»»

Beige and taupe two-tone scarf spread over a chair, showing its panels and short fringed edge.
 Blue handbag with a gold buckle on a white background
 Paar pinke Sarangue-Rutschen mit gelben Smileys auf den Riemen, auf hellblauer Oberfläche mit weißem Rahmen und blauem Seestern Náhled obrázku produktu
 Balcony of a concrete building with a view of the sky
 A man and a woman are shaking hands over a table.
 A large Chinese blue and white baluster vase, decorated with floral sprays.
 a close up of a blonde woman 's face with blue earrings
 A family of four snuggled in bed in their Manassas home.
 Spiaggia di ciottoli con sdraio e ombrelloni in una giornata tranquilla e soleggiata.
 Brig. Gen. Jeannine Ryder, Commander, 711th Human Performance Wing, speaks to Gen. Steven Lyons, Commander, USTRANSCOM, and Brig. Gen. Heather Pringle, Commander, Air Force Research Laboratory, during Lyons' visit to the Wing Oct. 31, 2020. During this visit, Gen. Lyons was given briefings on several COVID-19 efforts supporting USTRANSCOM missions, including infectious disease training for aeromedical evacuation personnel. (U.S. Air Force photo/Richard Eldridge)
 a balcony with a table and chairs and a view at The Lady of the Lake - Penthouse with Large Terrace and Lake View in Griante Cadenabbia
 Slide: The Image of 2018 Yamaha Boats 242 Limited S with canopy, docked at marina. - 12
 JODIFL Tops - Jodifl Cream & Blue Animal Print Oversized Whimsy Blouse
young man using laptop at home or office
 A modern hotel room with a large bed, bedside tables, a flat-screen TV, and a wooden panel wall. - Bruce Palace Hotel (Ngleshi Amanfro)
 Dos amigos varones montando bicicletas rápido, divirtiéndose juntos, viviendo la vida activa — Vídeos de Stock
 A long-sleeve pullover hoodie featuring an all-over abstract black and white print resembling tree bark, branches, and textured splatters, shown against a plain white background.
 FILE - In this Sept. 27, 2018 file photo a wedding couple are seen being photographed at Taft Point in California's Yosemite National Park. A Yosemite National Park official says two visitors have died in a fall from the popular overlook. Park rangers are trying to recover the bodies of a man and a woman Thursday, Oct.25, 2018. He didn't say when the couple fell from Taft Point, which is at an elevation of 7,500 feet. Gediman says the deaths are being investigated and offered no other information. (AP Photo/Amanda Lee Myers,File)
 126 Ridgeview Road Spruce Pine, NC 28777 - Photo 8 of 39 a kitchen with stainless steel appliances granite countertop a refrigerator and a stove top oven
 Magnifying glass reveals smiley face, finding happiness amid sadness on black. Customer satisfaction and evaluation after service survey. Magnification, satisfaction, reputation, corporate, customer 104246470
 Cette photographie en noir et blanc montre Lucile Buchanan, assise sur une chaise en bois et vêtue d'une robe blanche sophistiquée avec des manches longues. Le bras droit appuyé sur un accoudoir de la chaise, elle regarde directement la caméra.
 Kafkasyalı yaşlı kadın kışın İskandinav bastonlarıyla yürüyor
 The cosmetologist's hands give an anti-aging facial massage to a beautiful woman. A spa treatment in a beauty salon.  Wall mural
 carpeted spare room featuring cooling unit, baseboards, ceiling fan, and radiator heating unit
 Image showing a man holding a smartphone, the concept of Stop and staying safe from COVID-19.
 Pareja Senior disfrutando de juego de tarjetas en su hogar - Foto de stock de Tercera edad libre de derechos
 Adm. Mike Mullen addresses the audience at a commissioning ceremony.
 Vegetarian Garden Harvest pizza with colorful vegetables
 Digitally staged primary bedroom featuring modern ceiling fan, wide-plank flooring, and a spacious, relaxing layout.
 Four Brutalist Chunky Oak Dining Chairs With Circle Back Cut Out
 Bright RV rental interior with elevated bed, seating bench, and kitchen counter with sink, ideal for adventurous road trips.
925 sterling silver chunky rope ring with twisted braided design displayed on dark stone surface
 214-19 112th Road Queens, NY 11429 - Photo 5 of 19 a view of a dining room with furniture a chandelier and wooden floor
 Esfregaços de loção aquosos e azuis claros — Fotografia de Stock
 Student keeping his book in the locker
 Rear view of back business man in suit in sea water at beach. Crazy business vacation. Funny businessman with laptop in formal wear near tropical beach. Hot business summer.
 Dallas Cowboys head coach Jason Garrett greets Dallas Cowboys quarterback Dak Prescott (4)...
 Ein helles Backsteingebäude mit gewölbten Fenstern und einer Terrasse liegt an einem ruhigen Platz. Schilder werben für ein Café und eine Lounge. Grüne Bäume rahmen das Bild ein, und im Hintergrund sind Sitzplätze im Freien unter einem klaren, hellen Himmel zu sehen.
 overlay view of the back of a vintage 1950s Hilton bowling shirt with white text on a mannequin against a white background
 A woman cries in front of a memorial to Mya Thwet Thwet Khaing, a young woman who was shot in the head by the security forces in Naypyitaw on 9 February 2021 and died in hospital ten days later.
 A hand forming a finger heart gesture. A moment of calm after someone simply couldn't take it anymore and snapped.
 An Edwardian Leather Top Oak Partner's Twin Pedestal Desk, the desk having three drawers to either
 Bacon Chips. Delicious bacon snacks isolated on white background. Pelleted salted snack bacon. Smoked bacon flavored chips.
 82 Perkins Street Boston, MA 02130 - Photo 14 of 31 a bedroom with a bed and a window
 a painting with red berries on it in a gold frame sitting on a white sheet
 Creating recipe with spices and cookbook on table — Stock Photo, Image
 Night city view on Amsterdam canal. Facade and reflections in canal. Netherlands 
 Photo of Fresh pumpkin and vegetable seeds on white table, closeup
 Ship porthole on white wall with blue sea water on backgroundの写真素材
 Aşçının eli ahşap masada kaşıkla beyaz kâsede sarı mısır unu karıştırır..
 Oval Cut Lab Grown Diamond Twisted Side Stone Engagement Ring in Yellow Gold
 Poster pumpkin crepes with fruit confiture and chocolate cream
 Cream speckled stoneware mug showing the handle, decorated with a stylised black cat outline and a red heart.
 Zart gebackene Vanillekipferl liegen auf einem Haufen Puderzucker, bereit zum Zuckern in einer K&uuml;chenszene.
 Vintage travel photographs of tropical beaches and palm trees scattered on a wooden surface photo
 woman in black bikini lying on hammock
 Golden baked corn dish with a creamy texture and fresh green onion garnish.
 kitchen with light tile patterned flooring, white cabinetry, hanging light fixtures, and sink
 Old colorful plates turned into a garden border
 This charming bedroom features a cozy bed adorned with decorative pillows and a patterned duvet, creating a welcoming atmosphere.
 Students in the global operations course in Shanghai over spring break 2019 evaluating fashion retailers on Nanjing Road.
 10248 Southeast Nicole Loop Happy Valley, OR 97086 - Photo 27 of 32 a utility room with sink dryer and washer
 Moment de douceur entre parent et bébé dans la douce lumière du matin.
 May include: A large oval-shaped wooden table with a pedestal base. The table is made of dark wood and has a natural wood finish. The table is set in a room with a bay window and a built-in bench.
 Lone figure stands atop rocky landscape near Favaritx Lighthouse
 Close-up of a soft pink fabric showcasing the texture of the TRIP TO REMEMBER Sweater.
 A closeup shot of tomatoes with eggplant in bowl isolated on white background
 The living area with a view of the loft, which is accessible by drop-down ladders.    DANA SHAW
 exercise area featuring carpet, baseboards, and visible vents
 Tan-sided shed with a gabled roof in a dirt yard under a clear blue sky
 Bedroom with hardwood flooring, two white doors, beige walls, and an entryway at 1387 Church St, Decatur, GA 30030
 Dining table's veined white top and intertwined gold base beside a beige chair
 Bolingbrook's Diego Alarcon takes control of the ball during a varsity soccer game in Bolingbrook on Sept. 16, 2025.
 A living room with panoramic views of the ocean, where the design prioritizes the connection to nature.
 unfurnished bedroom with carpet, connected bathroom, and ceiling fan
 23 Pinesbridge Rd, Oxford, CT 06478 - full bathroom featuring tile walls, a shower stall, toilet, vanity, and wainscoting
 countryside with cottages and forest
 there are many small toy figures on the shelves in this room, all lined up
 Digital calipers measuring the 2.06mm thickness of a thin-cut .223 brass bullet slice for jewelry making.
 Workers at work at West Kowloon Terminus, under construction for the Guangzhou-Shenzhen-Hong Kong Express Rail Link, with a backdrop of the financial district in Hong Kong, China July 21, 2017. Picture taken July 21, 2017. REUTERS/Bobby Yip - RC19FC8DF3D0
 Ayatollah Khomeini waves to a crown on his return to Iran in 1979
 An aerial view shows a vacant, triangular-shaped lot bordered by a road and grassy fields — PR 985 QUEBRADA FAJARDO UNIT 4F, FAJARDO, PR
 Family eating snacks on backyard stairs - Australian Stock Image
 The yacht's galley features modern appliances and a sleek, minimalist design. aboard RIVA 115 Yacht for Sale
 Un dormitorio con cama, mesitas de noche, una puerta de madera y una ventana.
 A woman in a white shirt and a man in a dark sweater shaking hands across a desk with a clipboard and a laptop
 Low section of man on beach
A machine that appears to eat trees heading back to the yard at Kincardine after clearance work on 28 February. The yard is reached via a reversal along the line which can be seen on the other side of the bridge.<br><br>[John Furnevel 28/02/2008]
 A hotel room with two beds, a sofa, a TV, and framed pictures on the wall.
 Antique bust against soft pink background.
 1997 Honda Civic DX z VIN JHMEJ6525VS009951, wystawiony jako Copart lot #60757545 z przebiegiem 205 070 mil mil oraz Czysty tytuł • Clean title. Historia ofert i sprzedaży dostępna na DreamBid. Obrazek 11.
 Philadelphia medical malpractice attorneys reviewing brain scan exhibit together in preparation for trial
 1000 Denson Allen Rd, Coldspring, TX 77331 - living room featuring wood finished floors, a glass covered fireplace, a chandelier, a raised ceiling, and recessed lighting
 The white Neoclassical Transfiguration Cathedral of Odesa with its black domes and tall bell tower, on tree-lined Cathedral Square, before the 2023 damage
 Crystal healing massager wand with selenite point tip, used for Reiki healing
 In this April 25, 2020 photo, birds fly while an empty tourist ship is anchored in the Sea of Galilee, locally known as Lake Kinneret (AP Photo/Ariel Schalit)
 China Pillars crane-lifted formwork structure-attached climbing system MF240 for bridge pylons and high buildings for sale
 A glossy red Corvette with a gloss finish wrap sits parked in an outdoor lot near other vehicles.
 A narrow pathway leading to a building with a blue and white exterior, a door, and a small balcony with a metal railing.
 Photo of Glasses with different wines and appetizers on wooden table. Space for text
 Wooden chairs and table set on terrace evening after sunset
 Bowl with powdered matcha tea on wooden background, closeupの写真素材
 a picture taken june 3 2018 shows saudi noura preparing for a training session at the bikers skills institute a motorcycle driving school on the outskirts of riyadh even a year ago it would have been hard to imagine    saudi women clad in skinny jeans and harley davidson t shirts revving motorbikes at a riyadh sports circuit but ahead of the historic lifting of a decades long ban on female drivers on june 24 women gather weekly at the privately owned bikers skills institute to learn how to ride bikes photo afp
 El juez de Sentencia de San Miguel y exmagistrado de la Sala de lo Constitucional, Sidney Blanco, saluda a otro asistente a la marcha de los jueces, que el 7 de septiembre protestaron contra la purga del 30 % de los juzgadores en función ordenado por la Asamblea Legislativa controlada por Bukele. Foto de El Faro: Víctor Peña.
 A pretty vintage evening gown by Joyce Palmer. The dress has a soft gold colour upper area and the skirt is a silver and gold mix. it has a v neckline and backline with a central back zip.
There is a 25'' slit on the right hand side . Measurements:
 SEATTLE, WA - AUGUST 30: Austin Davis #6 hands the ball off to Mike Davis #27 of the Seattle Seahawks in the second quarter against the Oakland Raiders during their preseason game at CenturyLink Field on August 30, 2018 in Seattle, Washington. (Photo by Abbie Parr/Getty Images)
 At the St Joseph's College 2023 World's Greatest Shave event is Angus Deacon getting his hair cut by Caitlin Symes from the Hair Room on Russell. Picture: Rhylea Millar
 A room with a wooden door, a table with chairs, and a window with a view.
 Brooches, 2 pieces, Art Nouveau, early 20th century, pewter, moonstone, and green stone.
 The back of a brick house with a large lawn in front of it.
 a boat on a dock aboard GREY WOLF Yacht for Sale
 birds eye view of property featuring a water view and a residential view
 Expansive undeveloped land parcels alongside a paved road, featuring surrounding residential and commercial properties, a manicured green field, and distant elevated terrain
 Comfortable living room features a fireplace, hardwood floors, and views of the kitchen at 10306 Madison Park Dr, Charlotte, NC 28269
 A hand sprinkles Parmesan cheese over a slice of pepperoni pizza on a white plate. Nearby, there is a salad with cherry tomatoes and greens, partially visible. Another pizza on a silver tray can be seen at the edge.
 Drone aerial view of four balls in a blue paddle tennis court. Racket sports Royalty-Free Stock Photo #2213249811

««

Your instructions
Examine the entries and report how many of their lines contain the string "baseboards", giving no more than the number.

Problem solution
2